Gossett’s accomplishment of receiving the industry-recognized certification was announced during a Nov. 16 ceremony naming the Collision Repair Technology Classroom at WKCTC in memory of B.A. Hamilton.
Hamilton, a local businessman and founder of the collision repair technology program at WKCTC, died on Jan. 26 at the age of 79.
Craig Dickerson, Collision Repair Technology program coordinator and part-time I-CAR instructor, said the program, which Hamilton founded in 1962, continues to be an instrumental part of student success.
“We want to be a stepping stone to a better career for these students,” Dickerson told the audience at the Hamilton dedication. “We want our graduates to be successful. And we want to provide the necessary tools to make that possible.”

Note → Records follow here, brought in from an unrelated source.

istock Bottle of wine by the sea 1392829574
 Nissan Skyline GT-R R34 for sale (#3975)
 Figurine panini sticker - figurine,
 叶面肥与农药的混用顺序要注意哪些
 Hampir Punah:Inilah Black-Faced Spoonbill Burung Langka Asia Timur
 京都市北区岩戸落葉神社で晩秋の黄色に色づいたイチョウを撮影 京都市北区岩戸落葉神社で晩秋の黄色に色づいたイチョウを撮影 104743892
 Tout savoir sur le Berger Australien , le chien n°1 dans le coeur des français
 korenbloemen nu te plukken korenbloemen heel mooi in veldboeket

With that in mind, WKCTC’s Collision Repair Technology program recently adopted the I-CAR curriculum to ensure that students are kept abreast of ongoing changes in OEM technology, materials, manufacturing capabilities and standards.
WKCTC collision students learn about the constant technological changes within the industry and how it now is necessary for collision repair technicians to become skilled in plastic repair, aluminum repair, welding and the application of waterborne materials such as basecoats and primers.
Hands-on training is provided by a certified National Institute for Automotive Service Excellence (ASE) master collision repair and refinish technician and meets National Automotive Technicians Education Foundation (NATEF) standards.
Dickerson said he has qualified to teach each of the more than 30 classes in the I-CAR curriculum by successfully completing an I-CAR technical evaluation.
“We’re a NATEF-accredited program so there’s a crosswalk with this curriculum that shows where each one of the tasks required by NATEF for us to teach are covered by these classes,” he said.
Before the curriculum was added at WKCTC, getting the I-CAR training and certification would require students to travel outside their communities, Dickerson said.
“We’re able to offer this curriculum to them here to help them in gaining employment, so it’s a cost saving for them,” Dickerson added. “Realistically, if they were receiving this training after they were employed, their employer would probably be paying for the training themselves. It just makes them more marketable as a technician. It’s something really good to put on their resume – that they already have $4,000 to $5,000 worth of training.”